3 F&I Dos and Don'ts in Economic Uncertainty
There’s a good chance the potential slowdown would have a lighter impact, but the takeaway is the same: Beef up your F&I practices now, and it’ll be easier to come out strong on the other side.

There’s a good chance the potential slowdown would have a lighter impact, but the takeaway is the same: Beef up your F&I practices now, and it’ll be easier to come out strong on the other side.
IMAGE: Pixabay
Most experts agree we’re not in a recession right now but could enter one soon.
The good news is that dealers might not feel the impact until the middle of 2023. In a period of economic uncertainty , it ’s important to prepare your F&I department for a potential downturn.
Which steps are worth taking and which ones should you avoid? Here, I’ll walk you through three F&I dos and don’ts that can recession-proof your dealership.

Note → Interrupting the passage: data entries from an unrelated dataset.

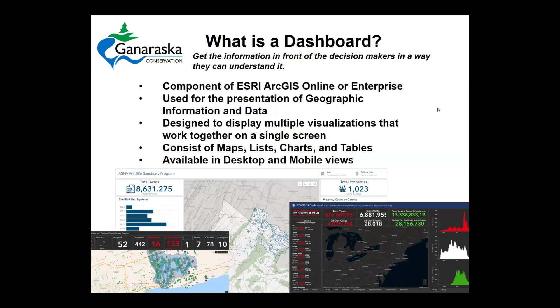We're an Esri shop, so all this technology is Esri-based. Dashboards are just a component of the ArcGIS Online or ArcGIS Enterprise systems. It's presenting geographic information and data together in a quick and easy way to reference and to see some trends or however you want to show it. It's multiple visualizations that work together on a single screen, where one zoom or one filter will affect all the different data panes.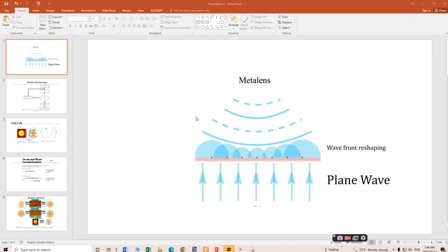Hello everybody. Today I am going to discuss how I'm going to design the meta surface based meta lenses. A meta lens is basically a lens designed based on meta unit elements to reshape the wavefronts to focus on a single spot. When we give input as a plane wave, the meta atoms placed along this meta surface are reshaping the wavefronts.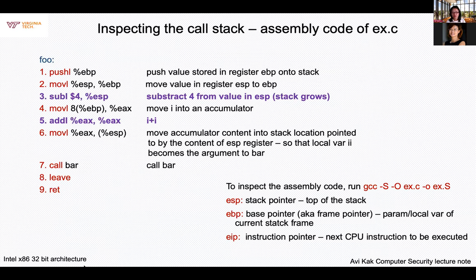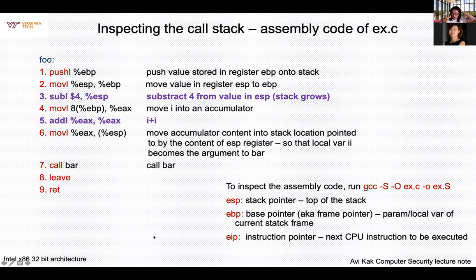Assembly code can be converted into instructions — that's the hex decimal encoding of the machine instructions. When you do stack buffer overflow attacks, you cannot inject C code into the buffer; it has to be actual machine instructions that can be executed.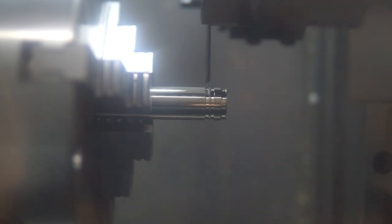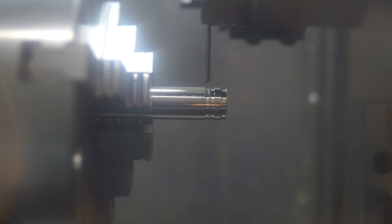So here we have the threaded end of the cylinder. We're going to go ahead and part off this old part and make the new one.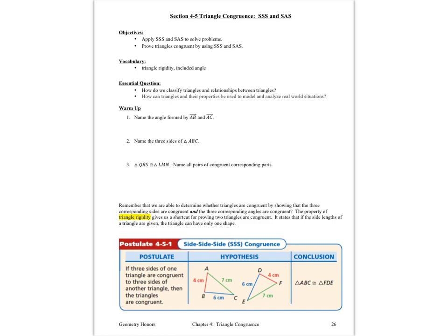Hello ladies and gentlemen, this is Ms. Skokin. We're back in chapter 4, Triangle Congruence. This time we're taking a look at two new postulates: the side-side-side and the side-angle-side postulate.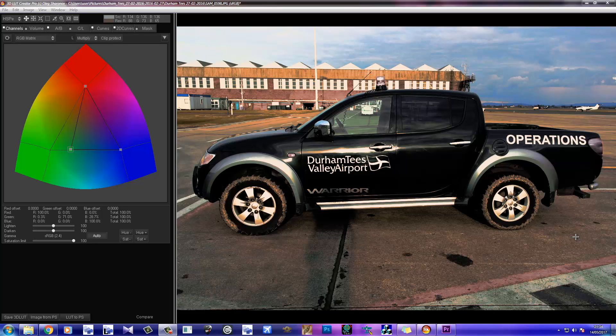Hey there everyone, Mark here from Swordflyer Concepts, and it's been a while, I know. So today it's something a bit different actually - today I'm reviewing 3D Luck Creator Pro.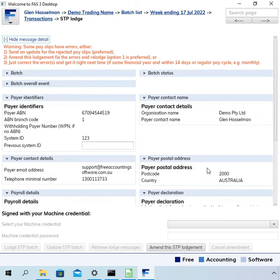Hi, my name is Glenn Hasselman. I'm just making this video for the free accounting software users to show you how to correct errors in single touch payroll lodgements.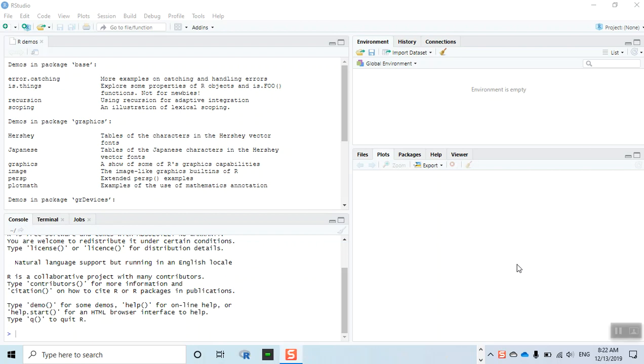Hello everyone, welcome back. This is Raj. In this video we're going to learn how to perform normality tests using R and RStudio. We'll be doing both the graphical as well as the statistical methods to test normality.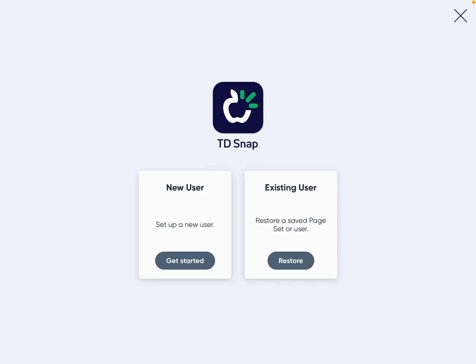If you're watching this video, you're ready to set up TD Snap Motor Plan. This might look very similar if you've ever set up TD Snap Core First, which is within the same app. It's a different vocabulary set — kind of like a different app within the app — so there are different options.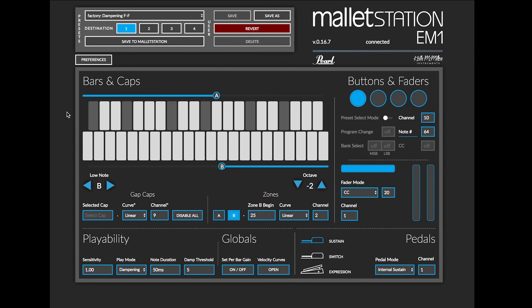This has been a look at the Bars and Caps section for the Mallet Station Editor on Mac, PC and Google Chrome. Thank you for watching.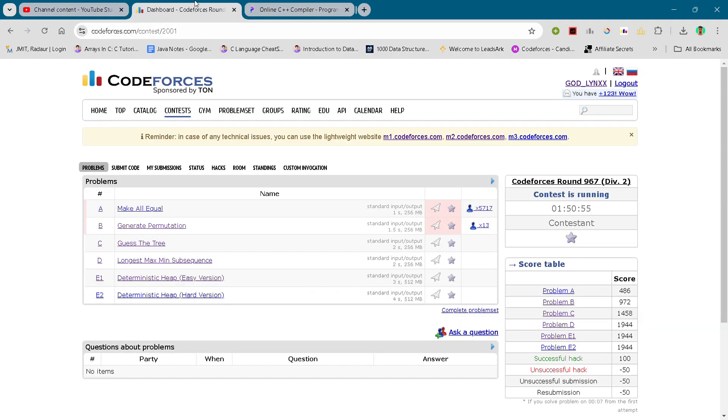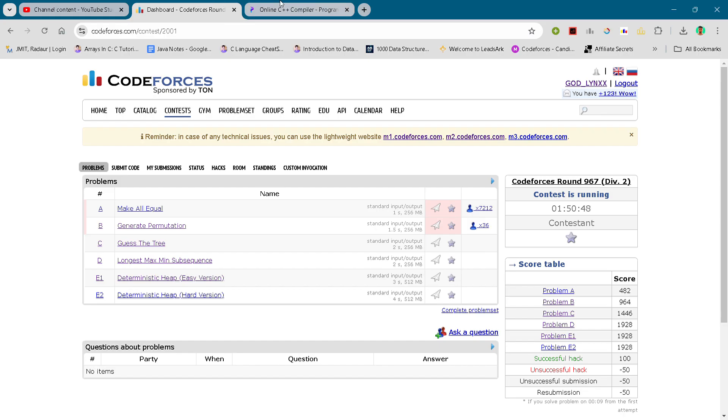Hey guys, I am back with another Codeforces round 967 and in this video I will be giving you the solution for problem number C.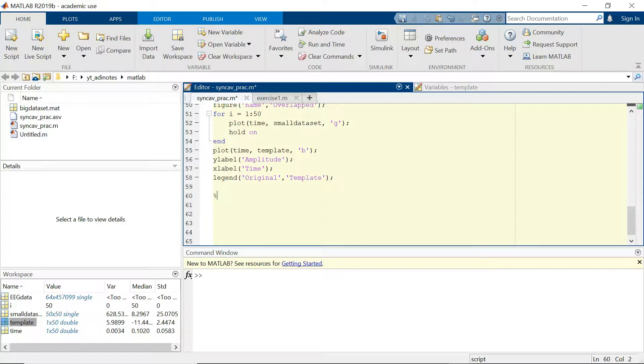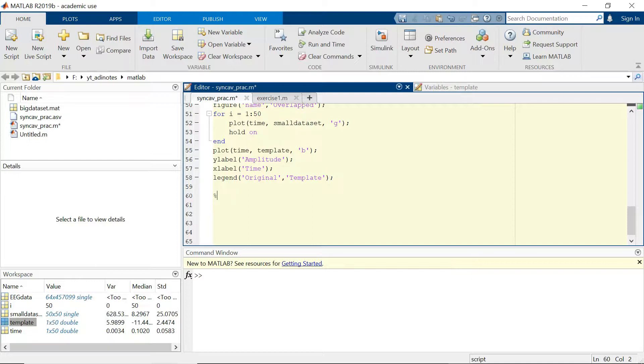For this particular segment, I will be referring to my previous video's dataset for which I had cleaned. I had performed synchronized averaging for a small dataset. So just for reference, the small dataset looks a little bit like this.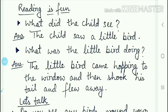The second question is: what was the little bird doing? Choti chiriyaan kya kar rahi hoti hai? The answer is: the little bird came hopping to the window and then shook its tail and flew away. Woh choti chiriyaan uchhalti hui khirkhi ke paas aati hai, aur apne mooch ko jhatkaati hai, aur ud jaati hai. (It hops to the window, shakes its tail, and flies away.)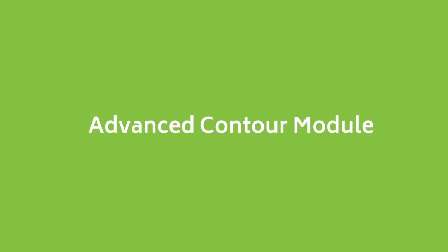The second module in Mountains for contour analysis is the Advanced Contour Module. As its name indicates, this module contains more advanced tools for geometric dimensioning.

DO FOCUS ON LONG-TERM CUSTOMER RELATIONSHIPS
When finances get tight, potential customers tend to think twice before buying a new or used vehicle, and they might start exploring cheaper options for auto servicing and upgrades. Translation: a double hit to your revenue generation.
To keep the customers you have, it’s important to build long-term connections. This way, your customers will remember why they chose your dealership over the competition. Here are three strategies that have helped our clients again and again:
Follow up multiple times after each sale. Many dealerships already follow up two weeks or earlier after each sale. Make sure to check in at the six-month and one-year marks, too. Ask customers about their overall vehicle experience, see if they need any upgrades, and encourage them to come in for servicing.
Be genuine on every call. Instead of relying on call scripts, get to know your customers as people so you can personalize every interaction.
Document each interaction. Keep a record of every follow-up so you know when to reach out next.
When you create authentic touch-points with your customers, you can build long-term relationships that keep your dealership top of mind.
DON’T FORGET PRICE TRANSPARENCY
In 2021, nearly half of customers said their auto purchases cost more than expected. The impact: an 11-point dip in price satisfaction on a 100-point scale.
Auto price hikes are common right now, especially on the front end, with dealer-added markups and more preloaded items. In a downturn, dealers must be even more transparent with customers regarding the asking price throughout the entire selling process.
If a customer gets in over his or her head with payments, the chances of lender scrutiny toward the dealer is much higher; the first area of investigation will be the deal jacket. Don’t forget: The customer will remember where they bought their vehicle, and they probably won’t come back.
To keep things aboveboard, here’s what I recommend:
Don’t pack payments. In the auto industry, it’s all too common to give inflated quotes or conceal back-end products. Payment packing isn’t just misleading – it’s also illegal. What’s more, the practice can weaken your customers’ trust and push them away from your dealership.
Don’t go for the whale deal. If you’re scoring big on a sale, you might’ve pulled a little wool over your customer’s eyes, even if you’re not strictly packing payments. But in an economic crunch, it’s important to do what’s best for customers, even if that means a little less profit.
Give customers the right financing for their needs. Try to quote the shortest term at the best price. If customers want longer-term financing and, in turn, lower monthly payments, consider suggesting a more affordable vehicle so they’re not making payments for years on end.
Remember, vehicles have a long-term impact on customers’ financial well-being. Do right by your customers, and it’ll stick with them. There’s a good chance they’ll even spread the word.
DO INVEST IN F&I COMPLIANCE
During a slowdown, it’s easy to focus on boosting revenue and put F&I compliance on the back burner, but that’s a risky approach. When your revenue is unstable, the last thing you want is to slip up on regulatory best practices and get slapped with a hefty fine.
That’s why dealers should use this period to invest in tools that can keep them compliant. Not sure where to start? Try these options:
Consider an F&I audit. An F&I consultant can help you identify risk exposures (like sales practices that open you to liability) and point you toward tools to correct them.
Invest in digital training tools. With learning-management software and a mobile training program, you can improve regulatory compliance throughout your dealership.
Consolidate vendor services. Many dealers use multiple platforms to facilitate HR or EHS training. Instead, look for an all-in-one digital solution that can consolidate services at a fraction of the cost.
When you invest in F&I compliance, you can reduce your liabilities and boost your financial security.
THE RIGHT PREPARATION CAN HELP YOU BOUNCE BACK FAST
During the Great Recession, new car sales fell by nearly 40%. The dealers that survived looked for responsible ways to close deals and deepen customer relationships. As a result, the industry bounce-back was historic.
There’s a good chance this slowdown will have a lighter impact, but the takeaway is the same: Beef up your F&I practices now, and it’ll be easier to come out strong on the other side.
Aaron Hartshorn is a district manager, F&I and compliance, at KPA, an environment, health, and safety (EHS) and workforce compliance software and services provider for midsize businesses.